Today I am going to talk about a project which I worked on in my organisation Sumo Logic.
We have this microservice which is used for collecting data from the cloud. One of the most prominent use case of that microservice is to collect data from customers S3 bucket.
I have written another blog on how we worked on making data discovery faster so that we can reduce ingestion lag. You can check it out here.
After we solved the data discovery issue, we realised that there was another issue we were facing. This was limiting our scalability. The stakes this time were even higher.
I can't describe the complete architecture of the microservice as I would probably be violating some NDA. I will only talk about a small section of it which was the main bottleneck for us.
Context
We use the AWS List API to list the objects of the S3 bucket. Of course we take the necessary permissions from the customer to be able to do that. So we have a scanner thread running per source which lists the bucket.
In the blog I mentioned above, I discussed how we introduced another mechanism - SNS - to bring in the objects as well. So now every source can possibly have two methods of bringing in the data from S3 bucket:
1. Scanner
2. SNS
In order to not duplicate the data coming in, we need some kind of dedupe mechanism in our microservice. (This was needed even before SNS was in picture, but lets not go into that application specific complexity right now)
Existing Design
We started off using a RDS (SQL DB) for deduping these S3 objects. So whenever an object came through Scanner or SNS, we first checked if it was present in the DB. If it was, that means we are fetching the object for the second time and we reject it.
If it is not present in the DB, we simply inserted it there.
Now the DB table also maintained states of the object. So the object was initially inserted with a pending state. After that there was a poller running per node which fetched recent pending objects from the table and sent them downstream for further processing and updated their state to Completed.
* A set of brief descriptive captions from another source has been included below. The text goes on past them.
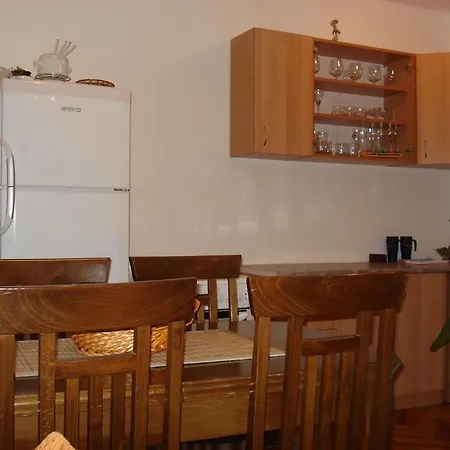 Aleksic Old Town Apartment *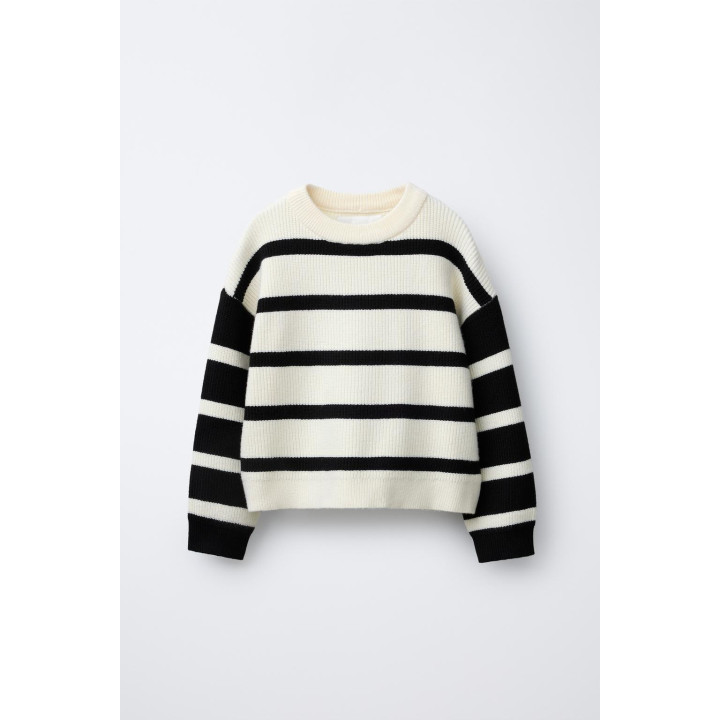 Вязанный свитер в полоску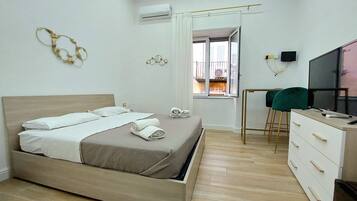 Romantic Room | Premium bedding, minibar, in-room safe, desk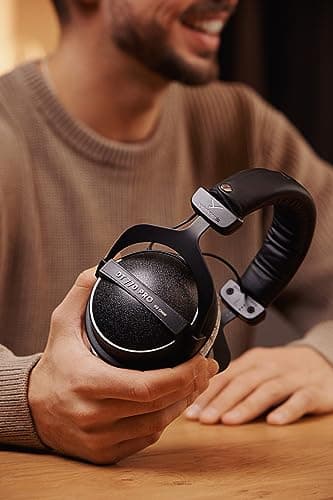 beyerdynamic DT 770 PRO 80 Ohm en noir. Casque de studio supra-auriculaire. Conception fermée, câblée pour un enregistrement et une surveillance professionnels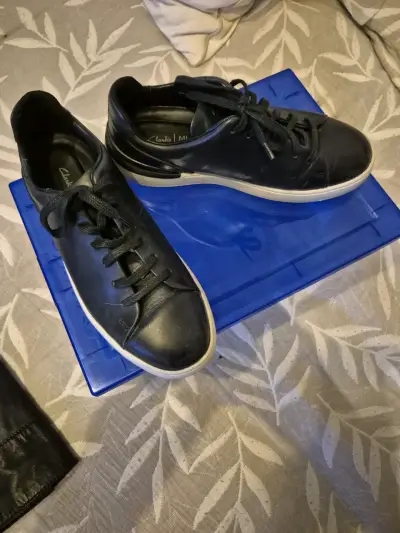 Zapatillas azules Clarks de cuero - miniatura 1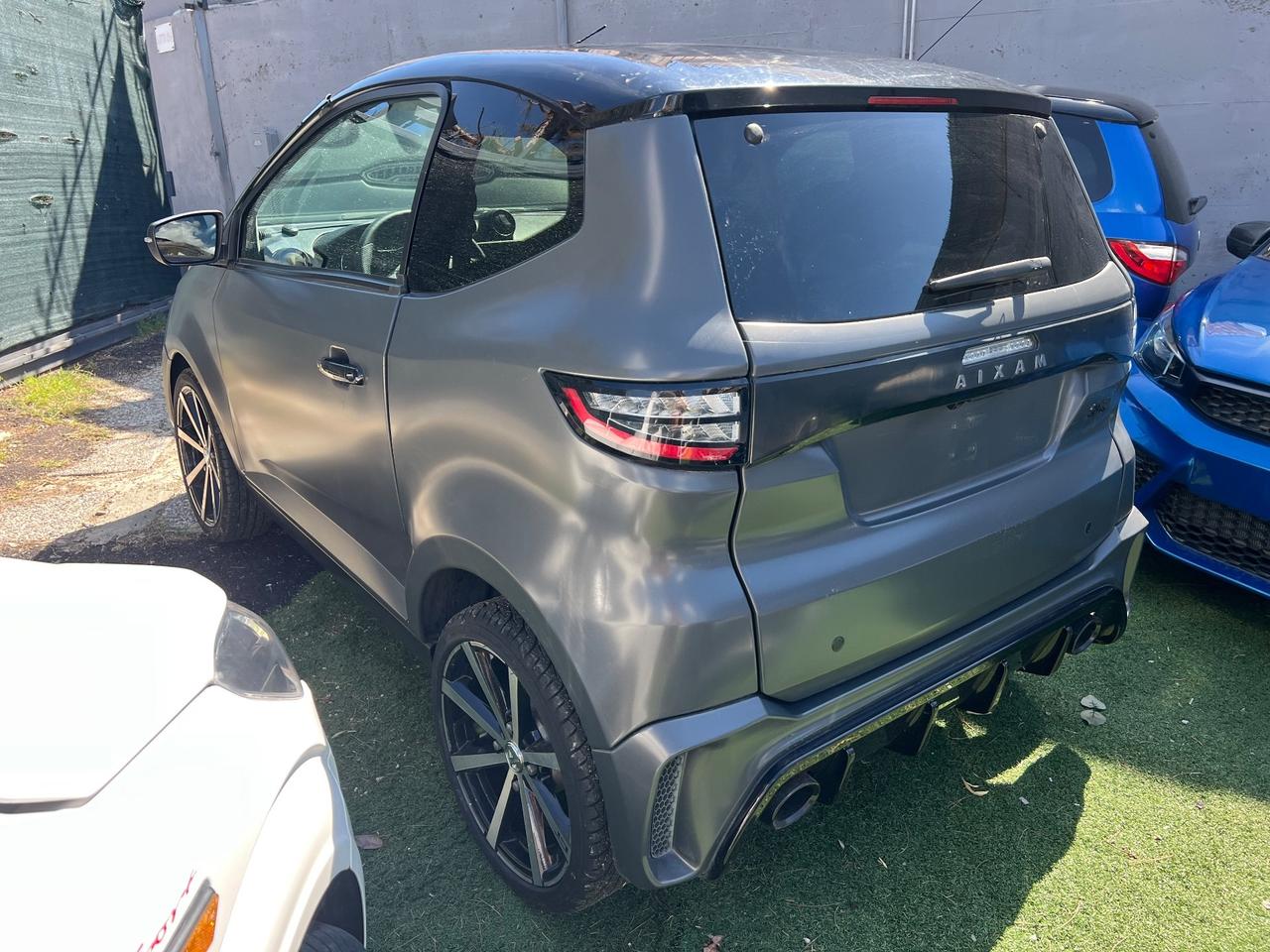 Aixam city Ambiton gto full black 2024 8500 km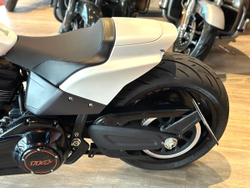 Harley-Davidson FXDR 114 (Белый)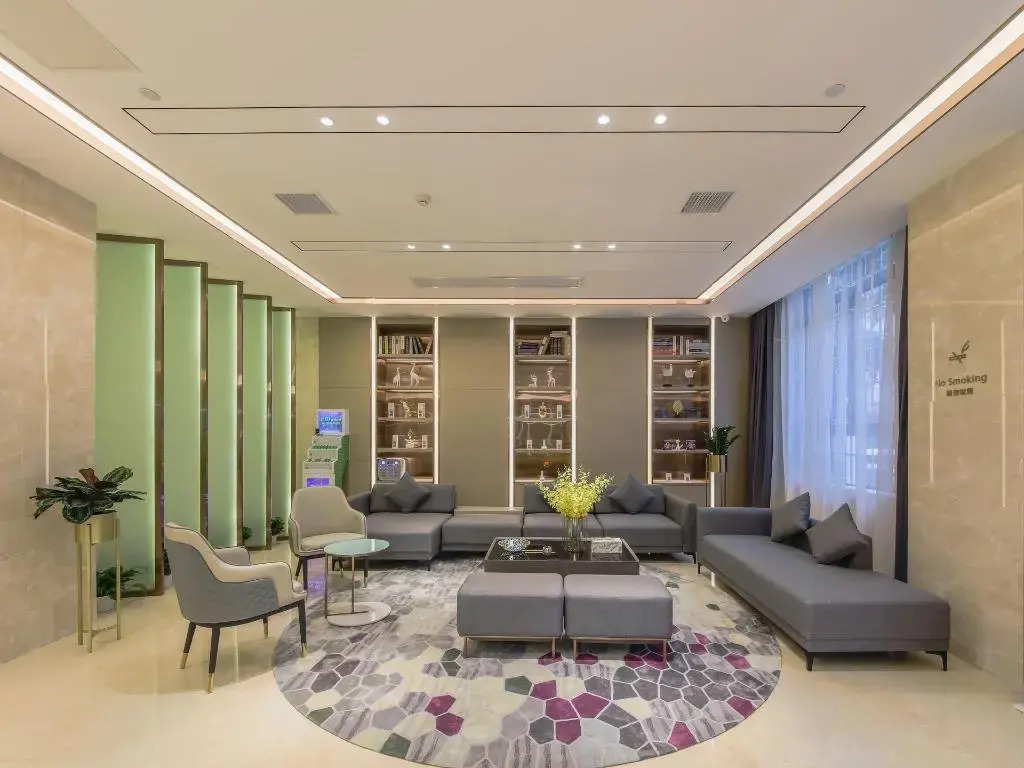 Lavande Hotel Wuhan 2nd Guanggu Road
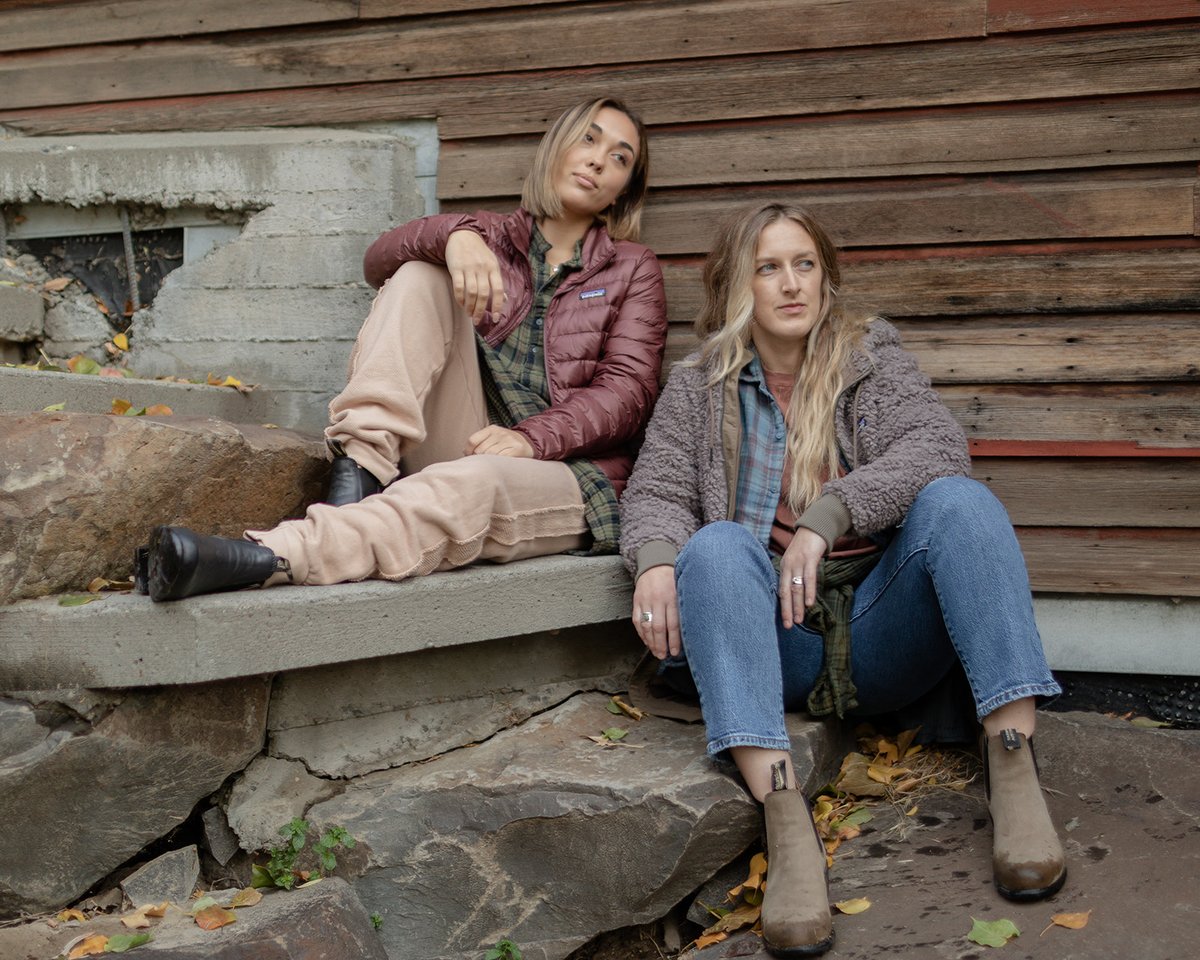 StudioOpal's tweet photo. Bundling up never looked so good. Shop our latest faves for Fall. Link in bio.

#studioopal #studioopalboutique #newarrivals #blundstones #patagonia https://t.co/rNPpqEuKXn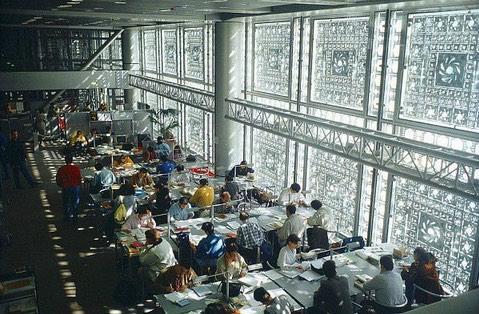 Découvrez la littérature et l'aphabet arabe dans la magnifique archtiecture d'un lieu dédié à la culture du monde Arabe.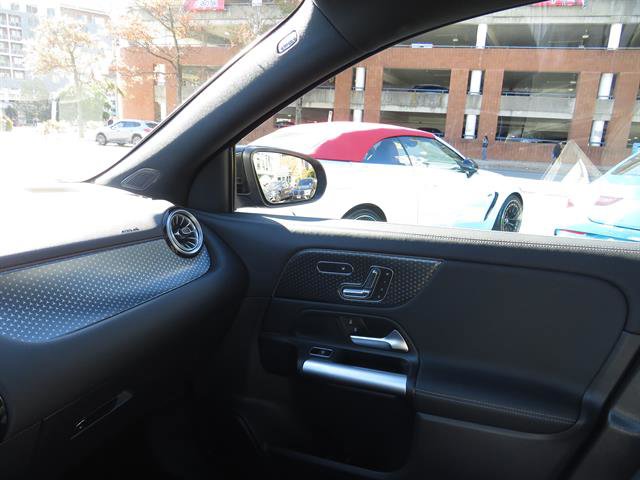 Used 2025 Mercedes-Benz GLA 250 4MATIC image 16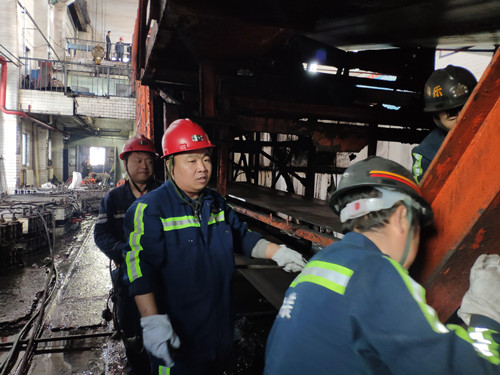 陜煤建設(shè)機電安裝公司:堅守崗位 守護不變的“年味”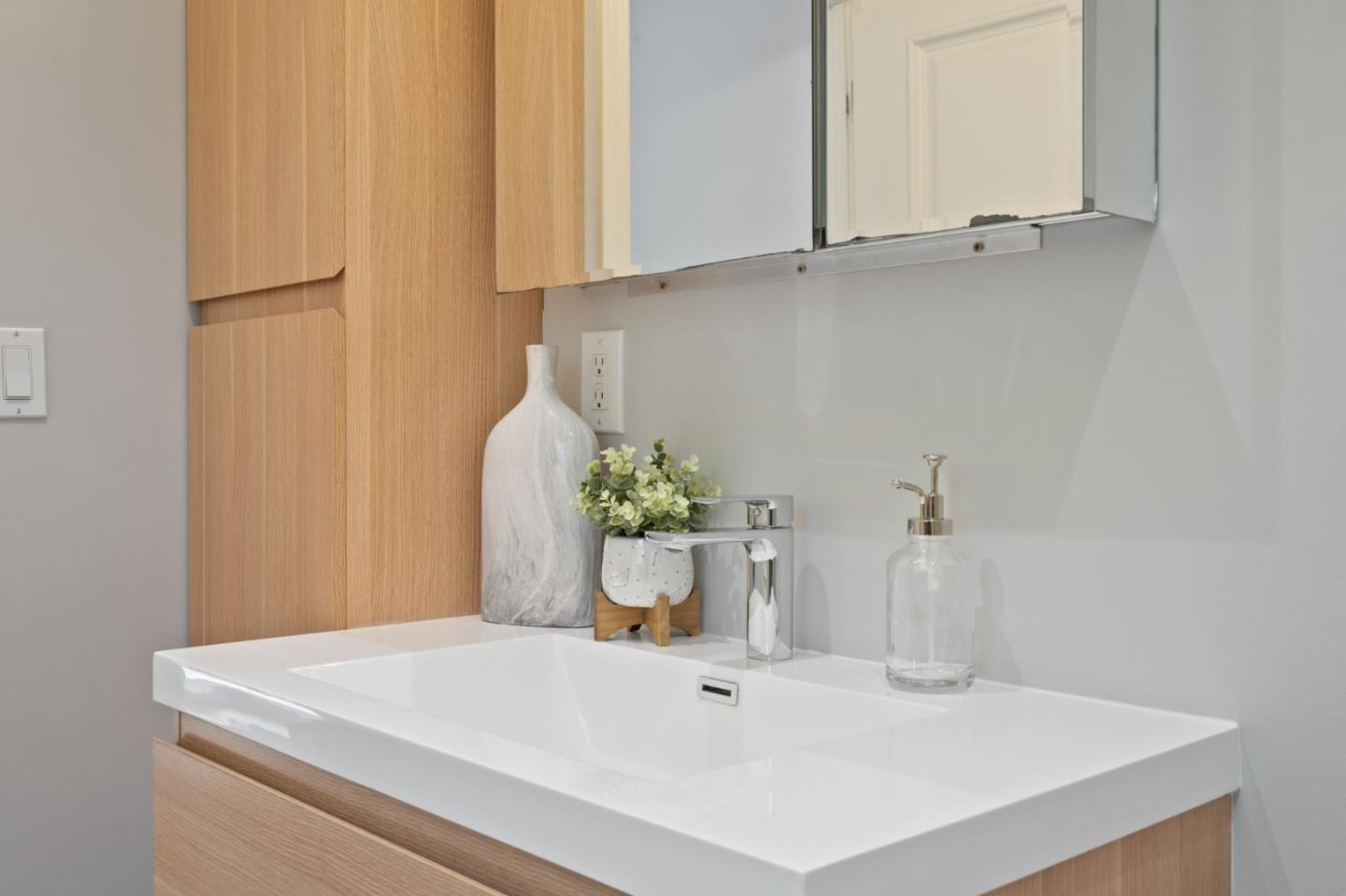 Detail Gallery Image 15 of 29 For 388 Everett Ave, Palo Alto,  CA 94301 - 2 Beds | 2 Baths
This was the high level working of the initial part of the architecture.
Here were the major issues with the existing design:
Needed a db.r5.4xlarge RDS instance (on our bigger deployments). There was a time when we had to run a db.r3.8xlarge machine since we had maxed out CPUs on the smaller ones. We didn’t have more room to scale vertically on a single DB.
There is a connection limit associated with the RDS instances which limited our horizontal scalability. With the db.r5.4xlarge instance that limit is 4000 connections. We give 40 connections to every node. So there is an upper limit of 100 nodes that we can add.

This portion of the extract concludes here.